#### Action item:
Begin with the line that holds "Dental tooth implant model Dental" and repeat each line after it exactly, ending with the last line of the listing.
━━━ Supplied entries ━━━
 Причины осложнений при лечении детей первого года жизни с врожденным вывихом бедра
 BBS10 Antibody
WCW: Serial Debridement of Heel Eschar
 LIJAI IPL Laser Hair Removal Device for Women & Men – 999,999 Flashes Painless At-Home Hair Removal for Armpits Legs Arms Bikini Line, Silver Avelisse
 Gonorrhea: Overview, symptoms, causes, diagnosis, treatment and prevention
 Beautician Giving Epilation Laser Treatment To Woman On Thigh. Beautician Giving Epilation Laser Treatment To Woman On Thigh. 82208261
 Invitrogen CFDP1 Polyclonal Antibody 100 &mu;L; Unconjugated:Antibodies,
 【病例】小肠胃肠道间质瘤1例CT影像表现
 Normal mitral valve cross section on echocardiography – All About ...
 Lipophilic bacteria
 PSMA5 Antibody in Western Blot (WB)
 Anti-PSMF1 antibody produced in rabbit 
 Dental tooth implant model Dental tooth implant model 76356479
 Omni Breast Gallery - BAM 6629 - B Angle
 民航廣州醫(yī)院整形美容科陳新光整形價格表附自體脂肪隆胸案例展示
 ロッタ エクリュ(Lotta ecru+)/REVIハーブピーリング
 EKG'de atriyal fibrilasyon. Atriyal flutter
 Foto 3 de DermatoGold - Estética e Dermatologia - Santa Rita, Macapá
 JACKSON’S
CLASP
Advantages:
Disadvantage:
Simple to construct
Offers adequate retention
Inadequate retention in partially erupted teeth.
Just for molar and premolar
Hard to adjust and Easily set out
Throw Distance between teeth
━━━
#### Your response:
 Dental tooth implant model Dental tooth implant model 76356479
 Omni Breast Gallery - BAM 6629 - B Angle
 民航廣州醫(yī)院整形美容科陳新光整形價格表附自體脂肪隆胸案例展示
 ロッタ エクリュ(Lotta ecru+)/REVIハーブピーリング
 EKG'de atriyal fibrilasyon. Atriyal flutter
 Foto 3 de DermatoGold - Estética e Dermatologia - Santa Rita, Macapá
 JACKSON’S
CLASP
Advantages:
Disadvantage:
Simple to construct
Offers adequate retention
Inadequate retention in partially erupted teeth.
Just for molar and premolar
Hard to adjust and Easily set out
Throw Distance between teeth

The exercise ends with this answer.